### TASK PROMPT
Each line of the data below must be given again exactly as written.

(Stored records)
####################

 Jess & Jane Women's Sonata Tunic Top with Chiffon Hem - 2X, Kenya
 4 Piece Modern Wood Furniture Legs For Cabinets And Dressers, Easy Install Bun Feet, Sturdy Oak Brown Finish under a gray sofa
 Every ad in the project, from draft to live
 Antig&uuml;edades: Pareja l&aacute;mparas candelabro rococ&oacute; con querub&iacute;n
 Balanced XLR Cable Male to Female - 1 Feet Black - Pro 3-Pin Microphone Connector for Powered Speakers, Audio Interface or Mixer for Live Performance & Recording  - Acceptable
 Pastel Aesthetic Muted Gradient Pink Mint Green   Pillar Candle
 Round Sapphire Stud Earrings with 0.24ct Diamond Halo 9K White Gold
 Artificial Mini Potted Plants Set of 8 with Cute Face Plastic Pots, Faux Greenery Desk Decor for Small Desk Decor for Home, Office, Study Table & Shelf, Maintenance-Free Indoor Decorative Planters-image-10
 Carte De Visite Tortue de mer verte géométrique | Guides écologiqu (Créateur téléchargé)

####################

### RESPONSE BOX
 Jess & Jane Women's Sonata Tunic Top with Chiffon Hem - 2X, Kenya
 4 Piece Modern Wood Furniture Legs For Cabinets And Dressers, Easy Install Bun Feet, Sturdy Oak Brown Finish under a gray sofa
 Every ad in the project, from draft to live
 Antig&uuml;edades: Pareja l&aacute;mparas candelabro rococ&oacute; con querub&iacute;n
 Balanced XLR Cable Male to Female - 1 Feet Black - Pro 3-Pin Microphone Connector for Powered Speakers, Audio Interface or Mixer for Live Performance & Recording  - Acceptable
 Pastel Aesthetic Muted Gradient Pink Mint Green   Pillar Candle
 Round Sapphire Stud Earrings with 0.24ct Diamond Halo 9K White Gold
 Artificial Mini Potted Plants Set of 8 with Cute Face Plastic Pots, Faux Greenery Desk Decor for Small Desk Decor for Home, Office, Study Table & Shelf, Maintenance-Free Indoor Decorative Planters-image-10
 Carte De Visite Tortue de mer verte géométrique | Guides écologiqu (Créateur téléchargé)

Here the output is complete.